**Available data:**
= = = = =

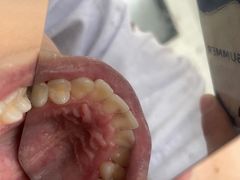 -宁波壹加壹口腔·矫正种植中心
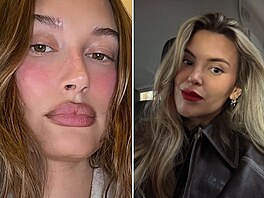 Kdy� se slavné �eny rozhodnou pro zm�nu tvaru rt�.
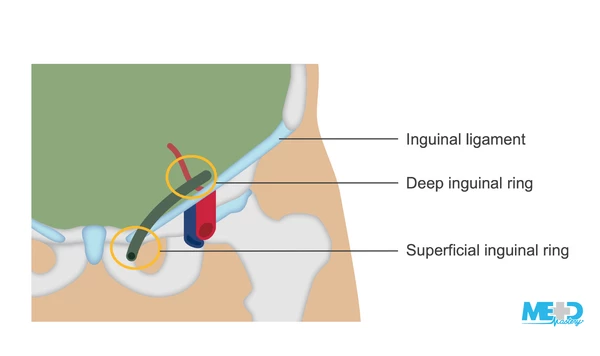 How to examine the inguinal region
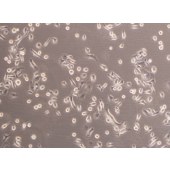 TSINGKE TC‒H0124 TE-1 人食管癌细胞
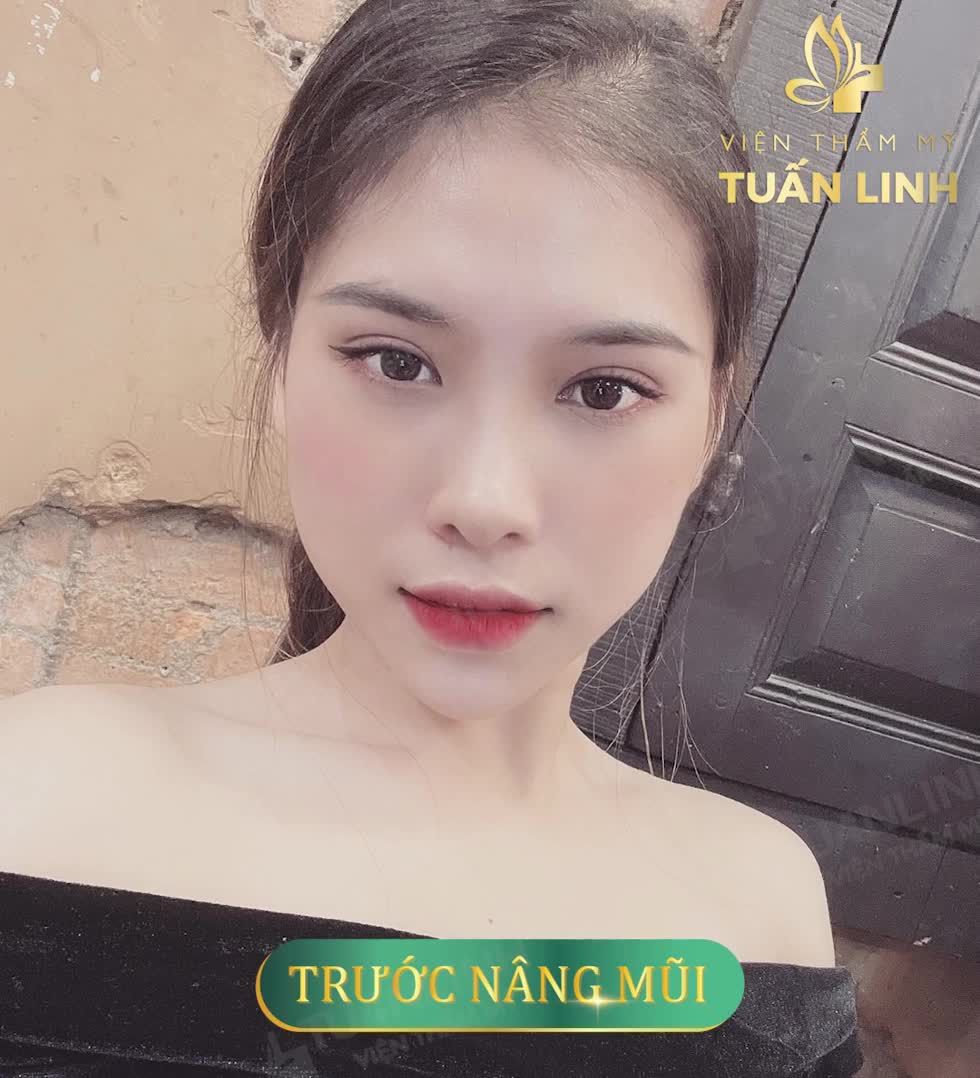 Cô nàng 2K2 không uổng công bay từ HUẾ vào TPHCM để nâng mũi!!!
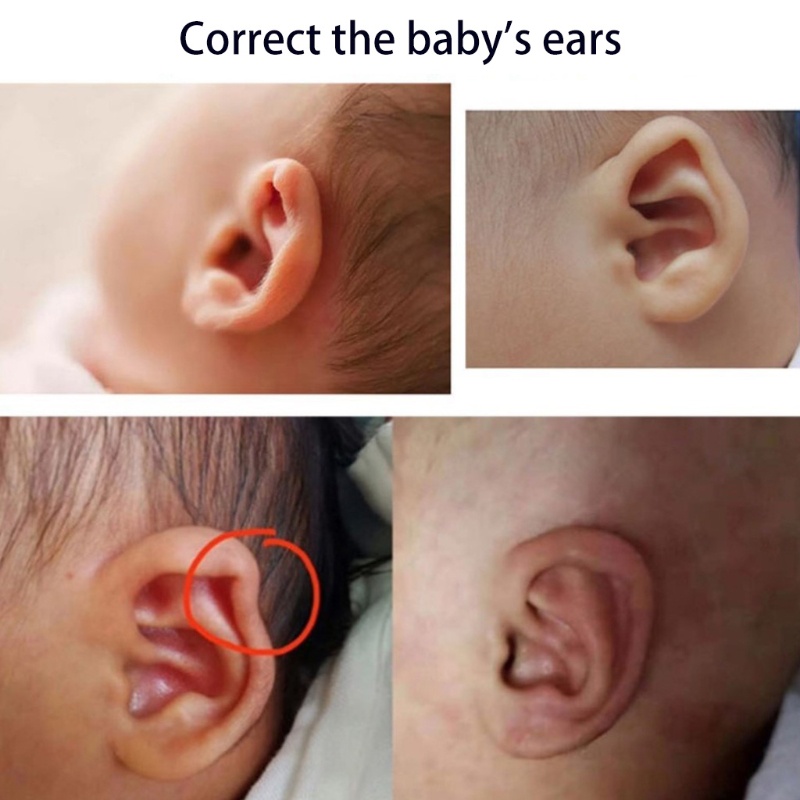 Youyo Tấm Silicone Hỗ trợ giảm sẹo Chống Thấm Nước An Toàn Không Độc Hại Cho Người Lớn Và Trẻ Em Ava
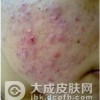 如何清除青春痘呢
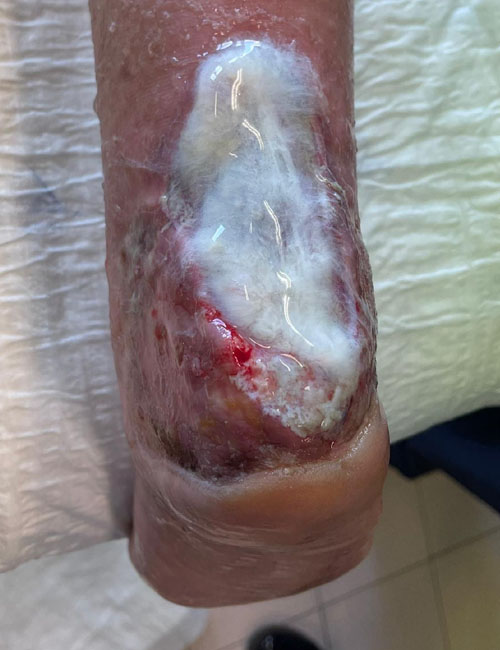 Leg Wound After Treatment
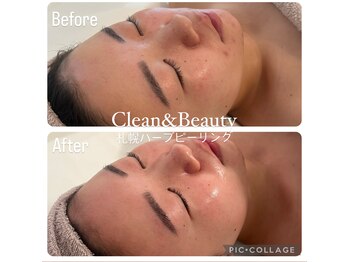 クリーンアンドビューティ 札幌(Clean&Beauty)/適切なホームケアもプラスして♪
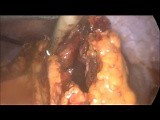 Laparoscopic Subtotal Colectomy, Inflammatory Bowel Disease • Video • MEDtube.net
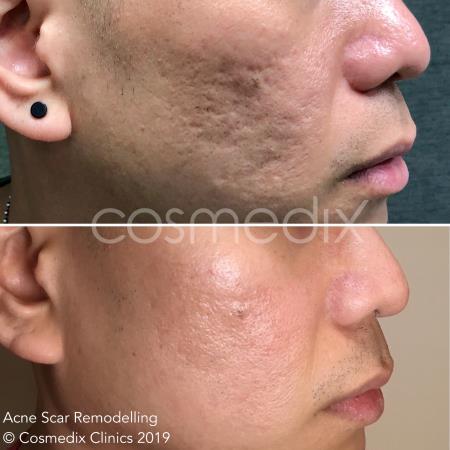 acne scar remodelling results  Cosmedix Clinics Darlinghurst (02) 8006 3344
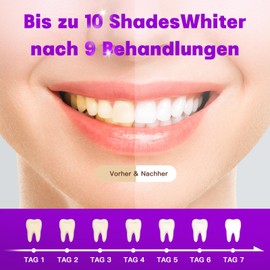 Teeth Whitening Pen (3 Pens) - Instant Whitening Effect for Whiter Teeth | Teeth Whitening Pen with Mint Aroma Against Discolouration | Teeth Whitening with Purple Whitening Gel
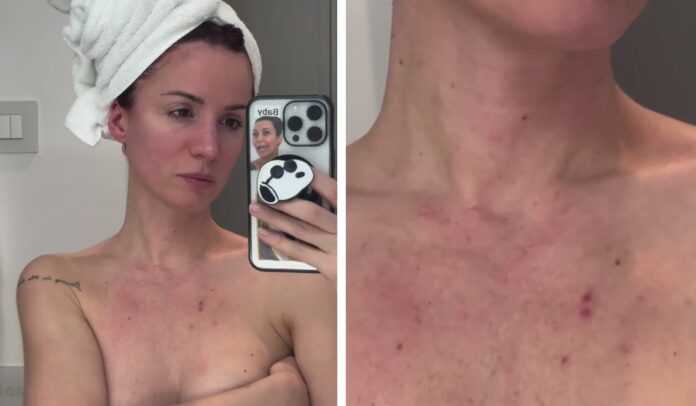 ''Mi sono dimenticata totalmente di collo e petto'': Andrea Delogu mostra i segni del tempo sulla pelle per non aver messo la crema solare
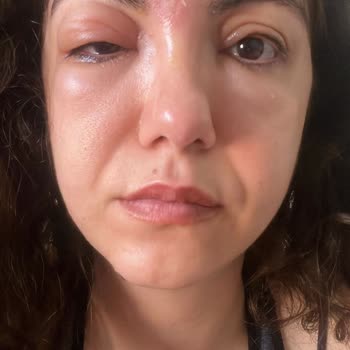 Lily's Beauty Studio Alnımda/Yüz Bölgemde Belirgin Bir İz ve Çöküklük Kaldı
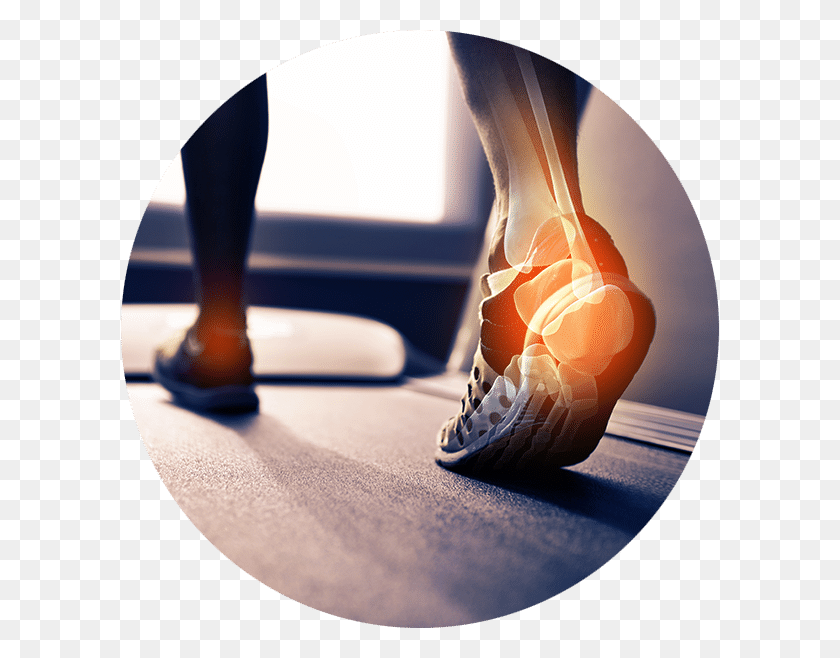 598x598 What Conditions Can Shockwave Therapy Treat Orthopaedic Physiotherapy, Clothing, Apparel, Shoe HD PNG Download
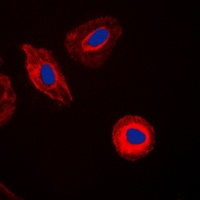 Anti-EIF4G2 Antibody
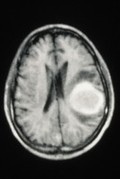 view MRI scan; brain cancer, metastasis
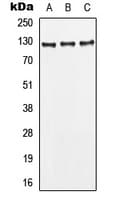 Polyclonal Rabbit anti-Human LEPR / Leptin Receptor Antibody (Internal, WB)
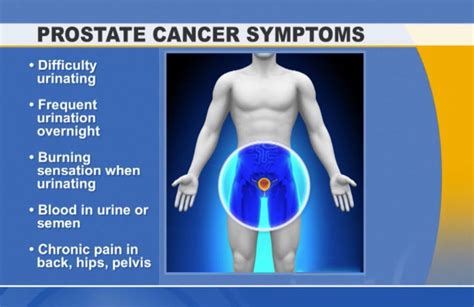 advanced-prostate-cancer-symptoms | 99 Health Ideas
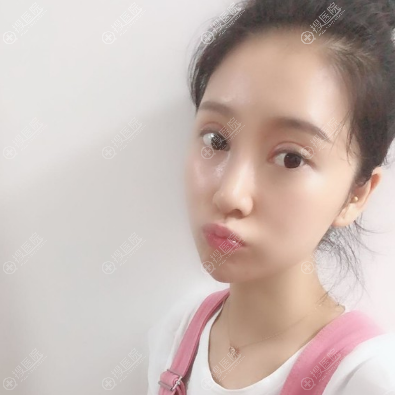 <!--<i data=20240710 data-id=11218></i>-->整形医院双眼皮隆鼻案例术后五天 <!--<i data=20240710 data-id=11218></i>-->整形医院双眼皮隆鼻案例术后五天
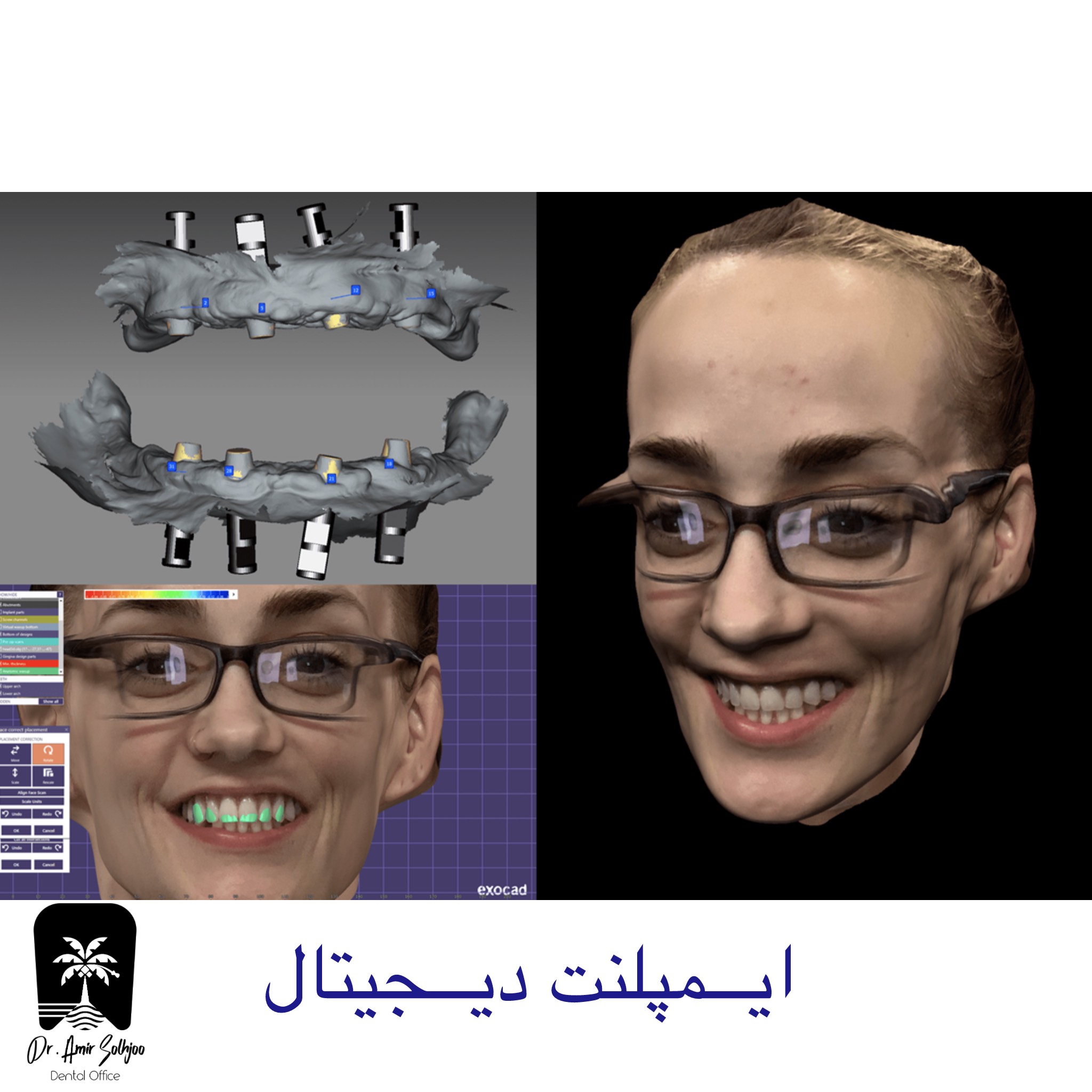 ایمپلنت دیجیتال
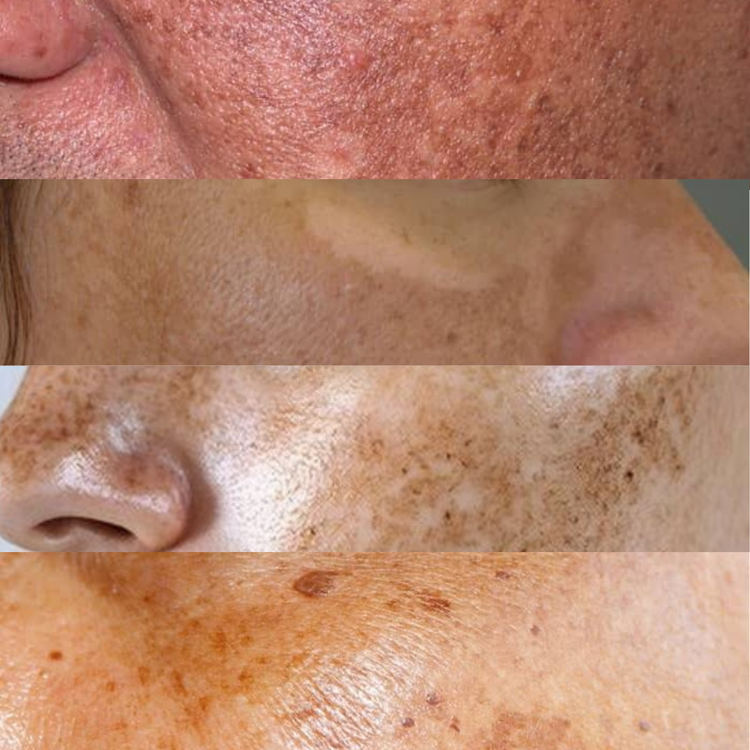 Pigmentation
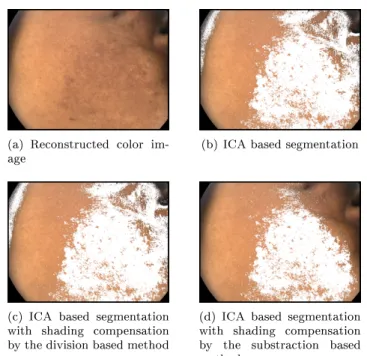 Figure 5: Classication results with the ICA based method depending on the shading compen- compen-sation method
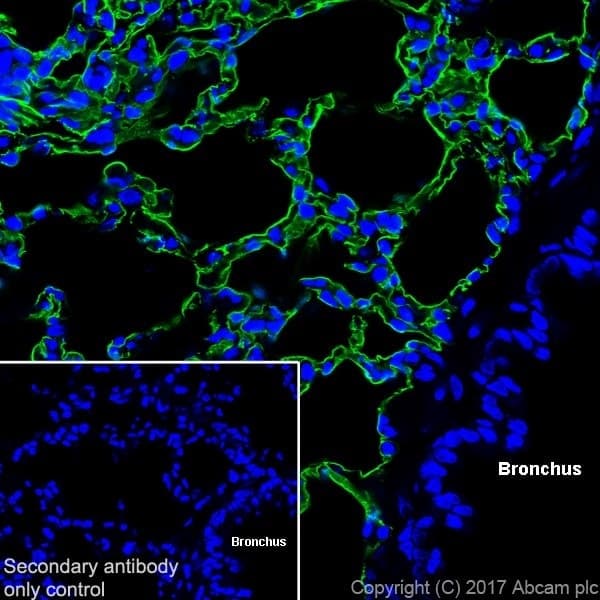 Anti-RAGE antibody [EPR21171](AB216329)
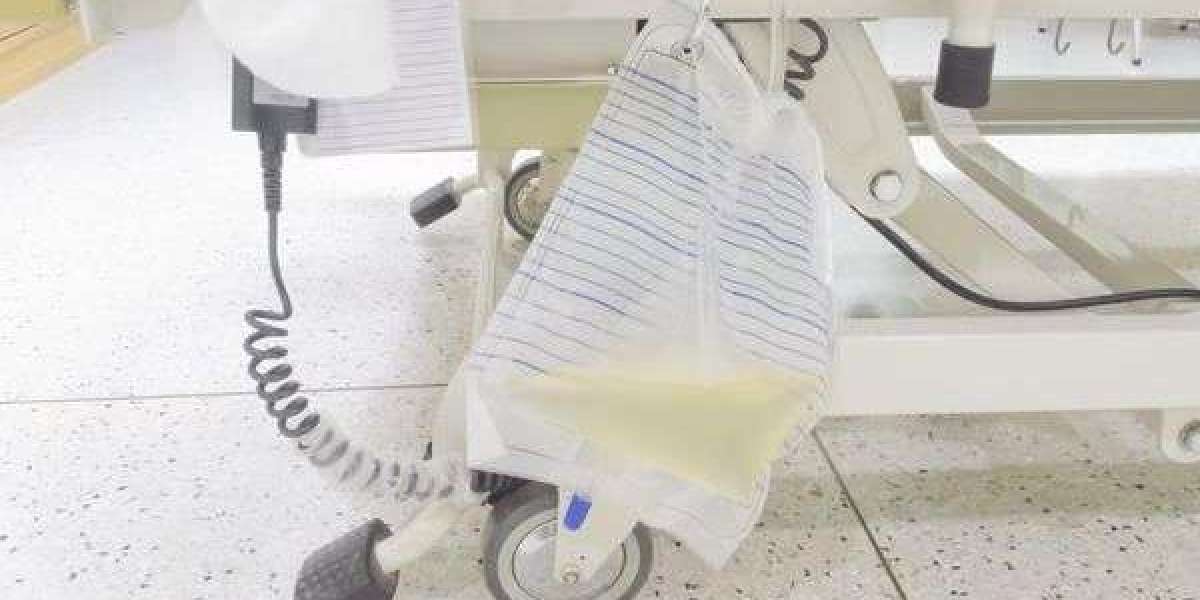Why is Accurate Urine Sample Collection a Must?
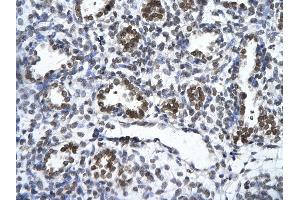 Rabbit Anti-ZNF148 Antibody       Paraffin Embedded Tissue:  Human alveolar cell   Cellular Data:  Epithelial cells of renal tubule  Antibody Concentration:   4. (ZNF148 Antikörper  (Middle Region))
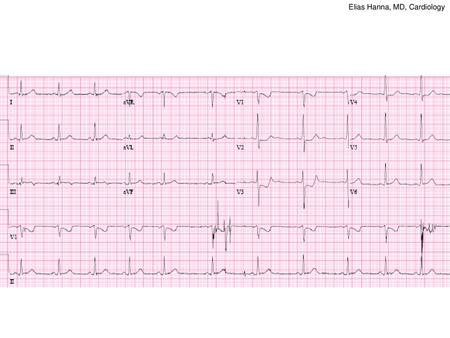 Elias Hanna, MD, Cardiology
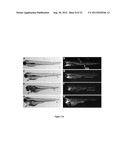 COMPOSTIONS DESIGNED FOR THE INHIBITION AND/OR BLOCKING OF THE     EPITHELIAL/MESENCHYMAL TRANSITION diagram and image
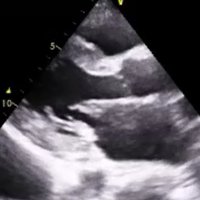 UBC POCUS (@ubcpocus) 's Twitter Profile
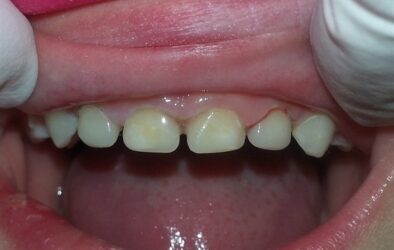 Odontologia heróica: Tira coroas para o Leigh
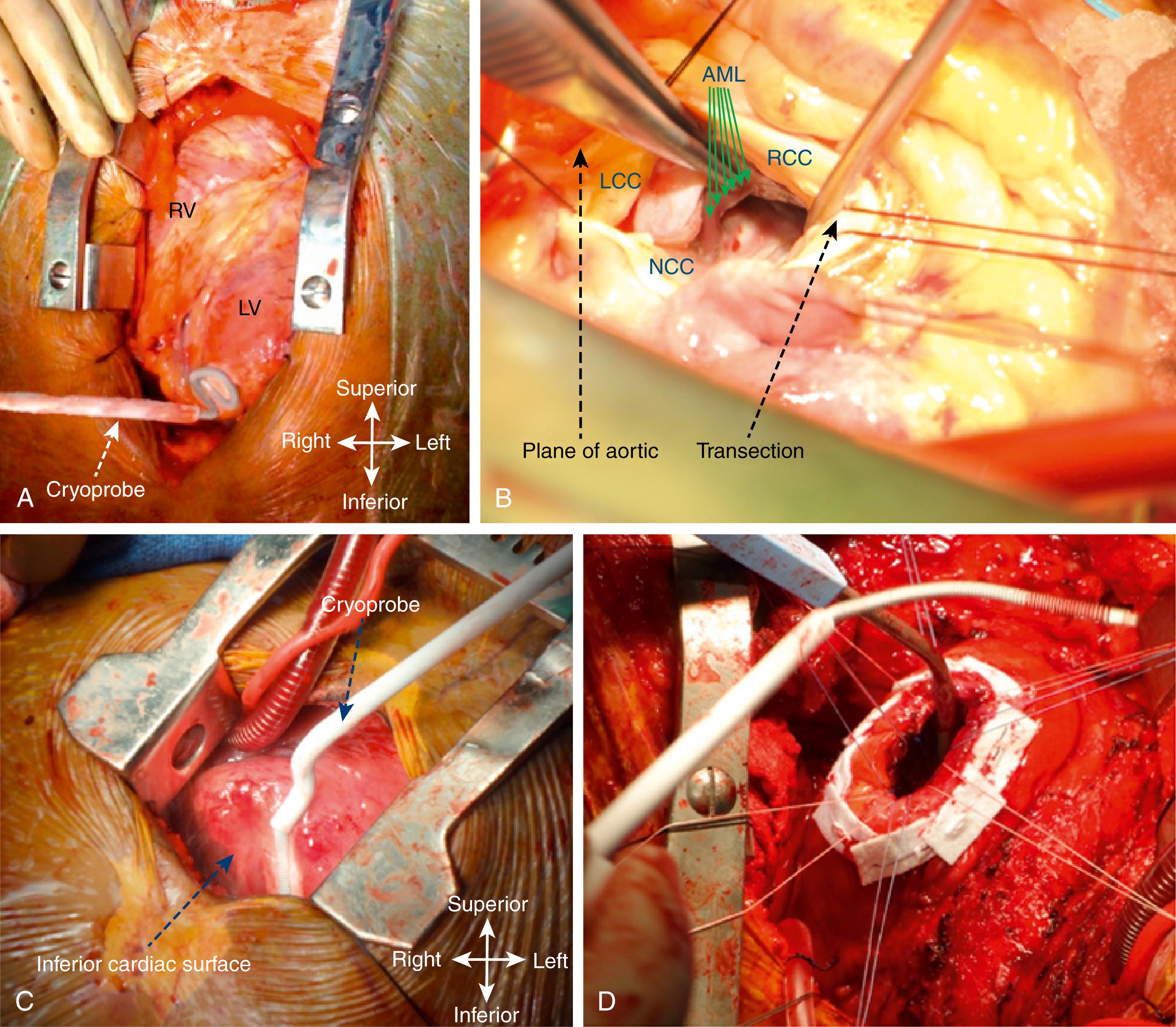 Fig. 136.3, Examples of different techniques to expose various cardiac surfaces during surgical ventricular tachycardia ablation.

= = = = =

**The task:** Reproduce the records exactly, starting with their first line and ending with the line that contains "acne scar remodelling", though pictures should be dropped.

**Written response:**
 -宁波壹加壹口腔·矫正种植中心
 Kdy� se slavné �eny rozhodnou pro zm�nu tvaru rt�.
 How to examine the inguinal region
 TSINGKE TC‒H0124 TE-1 人食管癌细胞
 Cô nàng 2K2 không uổng công bay từ HUẾ vào TPHCM để nâng mũi!!!
 Youyo Tấm Silicone Hỗ trợ giảm sẹo Chống Thấm Nước An Toàn Không Độc Hại Cho Người Lớn Và Trẻ Em Ava
 如何清除青春痘呢
 Leg Wound After Treatment
 クリーンアンドビューティ 札幌(Clean&Beauty)/適切なホームケアもプラスして♪
 Laparoscopic Subtotal Colectomy, Inflammatory Bowel Disease • Video • MEDtube.net
 acne scar remodelling results  Cosmedix Clinics Darlinghurst (02) 8006 3344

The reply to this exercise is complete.